I have data where 7462 columns and 33591 rows

my laptop is 16 gb ram I have provided 14 gb to knime
and 500gb SSD with i5 10th generation,

This is my workflow, I have cleaned the data in jupyter in Knime I just wanted to train and test the model.

Is there any way that I can divide my training data into 5 or 10 small training set and then train my model one by one, Please help!!!

Daniel_Weikert · October 8, 2021, 2:25pm

hi
I can’t see any cleaning before using TFIDF. I would suggest removing some stopwords and puctuation upfront to reduce the vocab size (e.g. the columns)
The current 7462 * 33591 seems to be too big.
With the partitioning node you already split the data. So the training set is not the full dataset size.
Have you already tried running the models individually?

hope that gets you started in the right direction
br

asis4911 · October 14, 2021, 4:40am

Hi Daniel,

Thanks for your reply I already cleaned the data and removed stopwords and punctuations using python in jupyter notebook. After cleaning the data I export it into csv and then read it into Knime and after that its creating 7462 * 33591. Thats why I wanted to know because in Jupyter notebook training is not taking more than 10-20 seconds but here I can see its taking hours and then getting stuck and showing memory heap error.

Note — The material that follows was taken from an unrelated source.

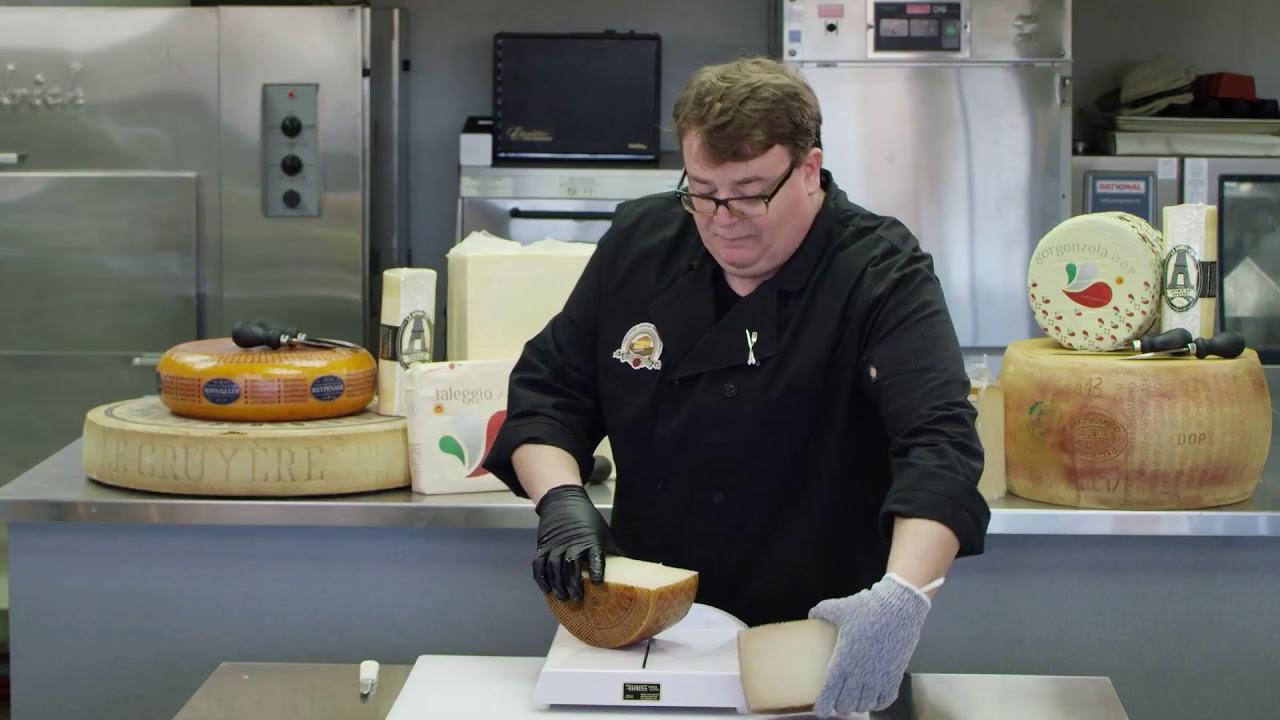 Close-up of a person slicing a wheel of smoked Manchego cheese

ipazin · October 14, 2021, 2:00pm

Hello @asis4911,

and welcome to KNIME Community!

From your printscreen I see Gradient Boosted Trees Learner and Predictor nodes executed successfully, Random Forest Learner configured and Logistic Regression Learner not configured. I don’t really see any failing node. What I suggest is same what @Daniel_Weikert already suggested and that is to run models sequentially (connect them with flow variable connection) and not all three (or more) at the same time. Also you said you have given KNIME 14 GB of RAM out of 16 available. It’s not recommended to go to close to max as other processes on your machine require memory which can lead to issue you are experiencing. I would try 12. And if you share workflow (with data if not confidential) others can give it a try as well.

Br,
Ivan

TomB80 · January 10, 2022, 10:03am

Hi,

I face the same problem. It depends defenetly on the number of columns, not rows. With 2500col it stucks at 10%, with 1500col it runs. When it’s getting short of memory, the screen starts to freeze or the application crashes without warning (just disaprears). This is another issue. But the 10% freeze is no matter of memory. It even stucks at 10% with a memory usage of 20% or less.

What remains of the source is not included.